**What this task involves:** In the data below, find the line containing "Bottle of Cadillac" and the line containing "unfurnished room with", then reproduce them and every line between, exactly. Omit pictures.

Available records section start

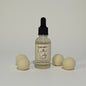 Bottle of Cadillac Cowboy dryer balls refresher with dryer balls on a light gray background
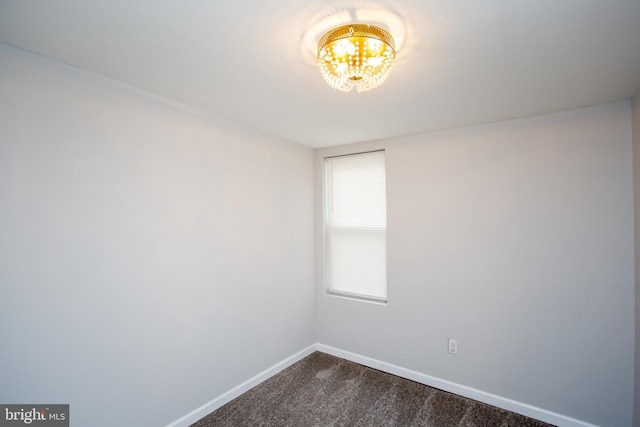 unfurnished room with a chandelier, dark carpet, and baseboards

Available records section end
Available records section start

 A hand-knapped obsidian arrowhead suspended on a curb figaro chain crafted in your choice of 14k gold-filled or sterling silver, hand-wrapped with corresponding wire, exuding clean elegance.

Available records section end

**Task solution:**
 Bottle of Cadillac Cowboy dryer balls refresher with dryer balls on a light gray background
 unfurnished room with a chandelier, dark carpet, and baseboards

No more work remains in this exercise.